Eggsy (Taron Egerton) is enjoying his life as a rookie Kingsman agent, alongside his recruitment partner, Roxy (Sophie Cookson). Trying to assimilate into a new life, with his royal girlfriend, Princess Tilde of Sweden (Hanna Alström), Eggsy’s life is turned upside down when a rogue attack on every Kingsman base destroys everything he’s come to know as a Kingsman. With the help of Merlin (Mark Strong), he and Eggsy determine the threat is coming from the Golden Circle, a secretive, yet massive drug cartel headed by the enigmatic Poppy Adams (Julianne Moore). With limited resources, the Kingsman must team up with the Statesman, the U.S. counterpart to the Kingsman, headed by Agent Champagne (Jeff Bridges), with help from Agent Whiskey (Pedro Pascal), Agent Tequila (Channing Tatum) and Agent Ginger Ale (Halle Berry), to get to the bottom of these terrorist attacks. All the while, Eggsy and Merlin discover that Harry Hart (Colin Firth), survived the assassination attempt from the first film.

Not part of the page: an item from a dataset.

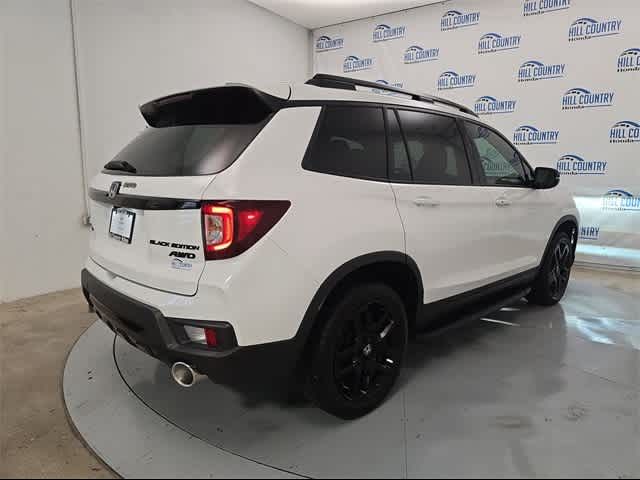 2024 Honda Passport Black Edition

Off-the-bat, “Kingsman: The Golden Circle” has a main goal of being far more batshit insane than even the first film, something that does work quite well for the most part. The best parts of “Kingsman: The Secret Service” were the fantastic, clever and completely over-the-top action sequences that made the film the spy homage it is. While we get a lot more of it in “Kingsman: The Golden Circle,” we get a lot of it, and it somewhat becomes the equivalent of eating a lot of delicious candy in one sitting, it was wonderful going down, but after a while, you kinda wish you had stopped for a while to breathe and get to know those around you some more. That being said, how can you really complain too much when the action sequences in this film are as wonderfully fun and well-choreographed as this?

And that’s where the biggest value of the film comes in: Matthew Vaughn. Vaughn brings the same sort of crazy, cartoonish ferocity to this film as he did to the previous one, if not more. This is a film that relies heavily on a kinetic director’s hand, one thing that Vaughn has never been shy about having. One thing to notice is how much campier “Kingsman: The Golden Circle” is than its predecessor, which was already pretty campy to begin with. The film goes from 75% campiness to 95% in one fell swoop, hopping onto the funnier and more comic book side to things than the original. I found this to make for a really good time with the various sequences, though major fans of the original might not really like the complete tone change.

One reason I can attribute this tone change comes in just how much bigger the scale of this film is compared to the original. This is a film made to be seen on an IMAX screen, something I was not afforded by the studio, but even then, seeing the film on a big screen felt imperative to the experience of the film. Unlike the first film, Fox has afforded audiences the opportunity to see the film in IMAX, and given the film’s nature, I can only implore you to find it on the biggest screen possible (which, in the case of mainstream theaters in Charlotte, is the IMAX theater at AMC Northlake). Still, for as in-your-face as this film is, I still don’t get why the film wasn’t released in 3D in the U.S. (international territories all have 3D releases of this film lined up).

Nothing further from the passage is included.